A Response to When Breath Becomes Air
12:39:00 AM
Taken from one of my strange and twisted art Progress Reports
Over the break I read an article on Dr. Paul Kalanithi, a neurosurgeon who wrote the book "When Breath Becomes Air" about his life when he was diagnosed with inoperable lung cancer at age 36 and died at age 37. His story reminds me much of Cheng Zheng's and is strange because he is the literal representation of Cheng Zheng's philosophies.
He talks about the moment he is forced to come to terms with his mortality and how it changes everything and nothing at the same time. "Before my cancer was diagnosed, I knew that I would someday die, but I didn't know when. After the diagnosis, I knew that I would die, but I didn't know when."
"What patients seek is not scientific knowledge that doctors hide, but existential authenticity each person must find on their own... the angst of mortality has no remedy in probability."
I think I've always paid a little more attention to my own mortality. As a high school student, for some strange reason, I had it my mind that I was going to die before I graduated. I didn't know how, but I believed that it was going to happen, and I didn't quite know what to do about it and then I really didn't know what to do about it when the end of senior year came around. I was always looking for my so called calling, but also didn't know if it was worth looking for because I was going to die anyways.

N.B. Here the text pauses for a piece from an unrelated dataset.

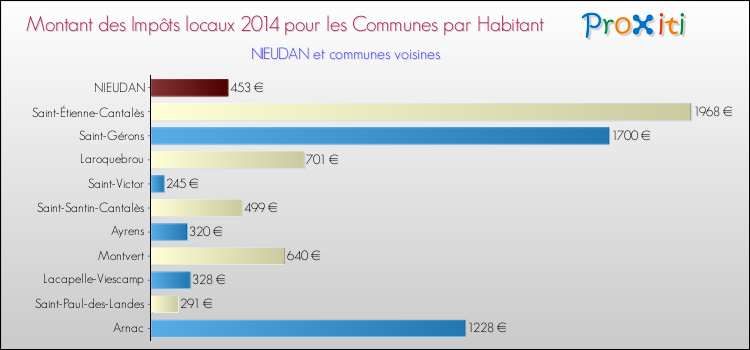 Montant des impôts locaux par Habitant pour NIEUDAN et les communes proches en 2014 Comparaison des impôts locaux par habitant pour NIEUDAN et les communes voisines en 2014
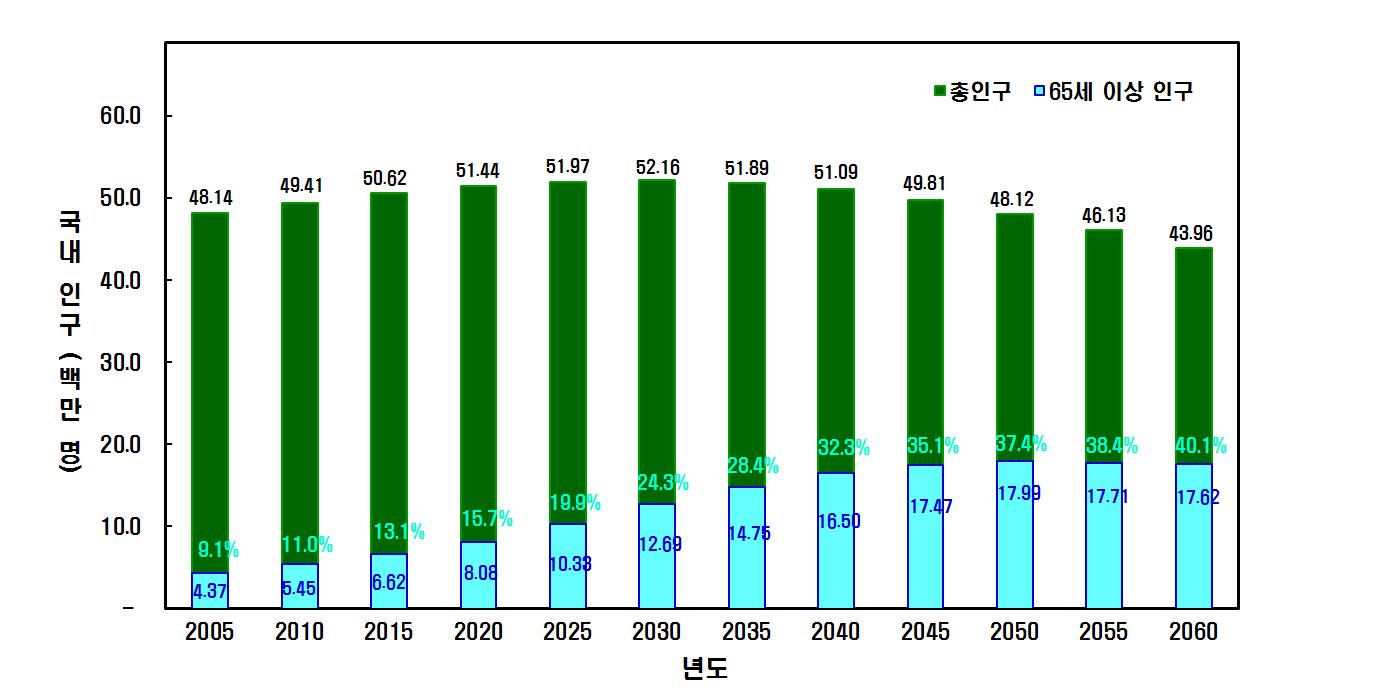 국내 총인구와 65세 이상 인구 추이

I've always been someone who valued authenticity the most, I valued it the most in other people and so I was always desperately searching for it within myself. Trying to find it in philosophy, religion, and personal expression only to come to the conclusion that I was never sure whether I was lying to myself or not. "According to Rousseau, authenticity is derived from the natural self, whereas inauthenticity is a result of external influences." And so came in my battered circle analogy.
Someday I might make that a piece of performance art. But right now I think I need a more peaceful expression of my current state in my search for existential authenticity.
When Breath Becomes Air review by Alice O'Keefe
https://www.theguardian.com/books/2016/feb/03/when-breath-becomes-air-paul-kalanithi-review
The Limits of Authenticity - Ben G. Yacobi
https://philosophynow.org/issues/92/The_Limits_of_Authenticity
1 comments
This really resonates with me. With graduating and figuring out what the next best option is...people keep saying "you're young,you have a lot of time". What i dont say out loud to them is the fact that I(ve) never think I'll live old enough for me to think "I'm young and I have time."